One year ago on
June 26, 2015, the Supreme Court “stripped the rights of states to legally
define marriage solely as the union of a man and a woman” in Obergefell v. Hodges. The past year has
brought many challenges to Americans because of the decision made by the
justices.
Nate Madden at Conservative
Review wrote an article titled “Antonin Scalia’s Gay Marriage Dissent Turns One Year Old” in which he reminds his readers of the scathing dissenting opinion
written by Justice Antonin Scalia. In his dissent Justice Scalia warns the American
people about what would happen because of the vote. Over the past year we have
seen people put in jail, sued, and forced out of business because they do not
believe in same-sex unions. We have seen states forced to comply with the
decision. All of this happened because the public is being coerced to give
their approval for same-sex marriages.
Justice Scalia writes, “Today’s
decree says that my Ruler, and the Ruler of 320 million Americans
coast-to-coast, is a majority of the nine lawyers on the Supreme Court…. This
practice of Constitutional revision by an unelected committee of nine, always
accompanied … by extravagant praise of liberty, robs the People of the most
important liberty they asserted in the Declaration of Independence.”
Madden shares Scalia’s
explanation of what really happened. “Scalia then points to the period leading
up to the court’s ruling as the true triumph of liberty, rather than the
decision itself. `Individuals on both sides of the issue passionately, but
respectfully, attempted to persuade their fellow citizens to accept their
views,’ he wrote. `Americans considered the arguments and put the question to a
vote.
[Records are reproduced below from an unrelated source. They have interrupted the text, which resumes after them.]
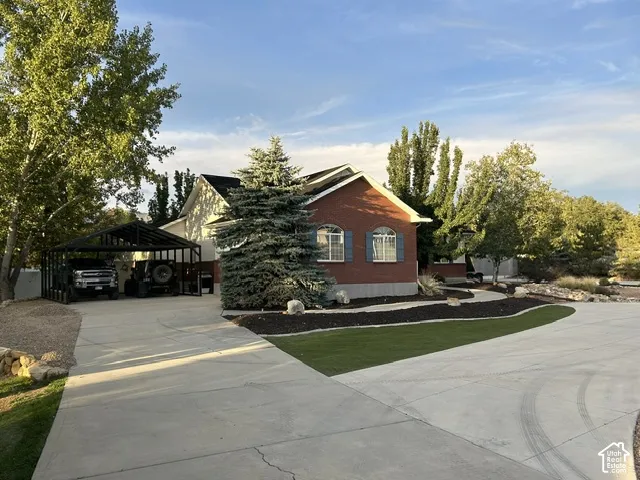 Brick and siding exterior with arched windows, concrete driveway, attached carport, mature evergreen landscaping, and artificial turf accents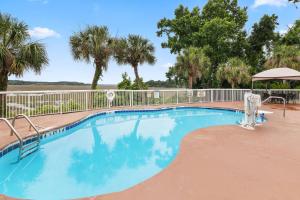 a swimming pool with a fence and palm trees at Sleep Inn Beaufort near MCAS in Beaufort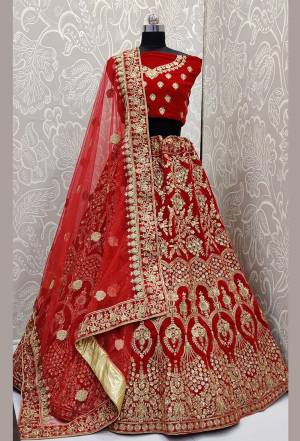 Here Is A Beautiful Designer Bridal Lehenga Choli In Red Color Paired With Red Colored Dupatta. This Beautiful Heavy Lehenga Choli Is Fabricated On Velvet Paired With Net Fabricated Dupatta. It Is Beautified With Heavy Detailed Embroidery. Get Ready For Your D-Day With This Designer Piece And Look The Most Graceful Of All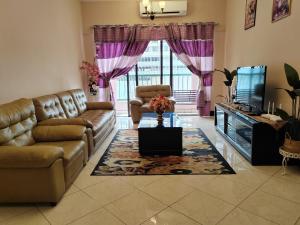 a living room with a couch and a tv at Ber-Santai at Marina Court in Kota Kinabalu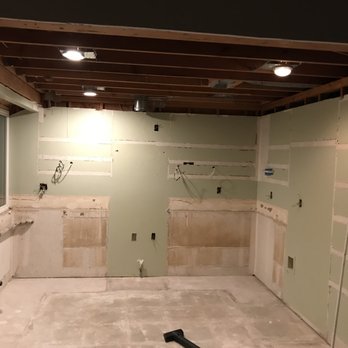 Grant Maury Construction - After demo and after they removed the false ceiling to give us six extra inches of ceiling space. - General Contractors Near Me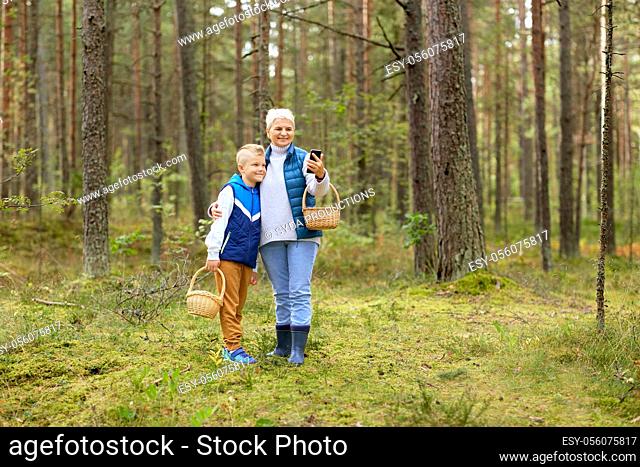 grandmother and grandson with baskets take selfie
The electorates of 11 states, either directly or through their representatives,
chose to expand the traditional definition of marriage. Many more decided not
to. Win or lose, advocates for both sides continued pressing their cases,
secure in the knowledge that an electoral loss can be negated by a later
electoral win.’”
Madden then concludes, “What
Justice Scalia described was a true republic in action, at least until the
judiciary put a stop to it. The greater problem is that, as devastating as the
decision may yet prove to be for the religious liberty of people and
institutions who still affirm a traditional, organic and conjugal understanding
of marriage, the precedent set in this case and others by the federal judiciary
point to a truth antithetical to our political and historical identity as
Americans: we are being governed less and less by our own consent.”
When the majority of justices
voted to approve same-sex marriage, I believe that they opened a Pandora’s Box.
I believe that we have not yet seen all the destruction that will come from
this decision. A tiny minority of Americans has forced through a decision that
will bring negative effects to all Americans.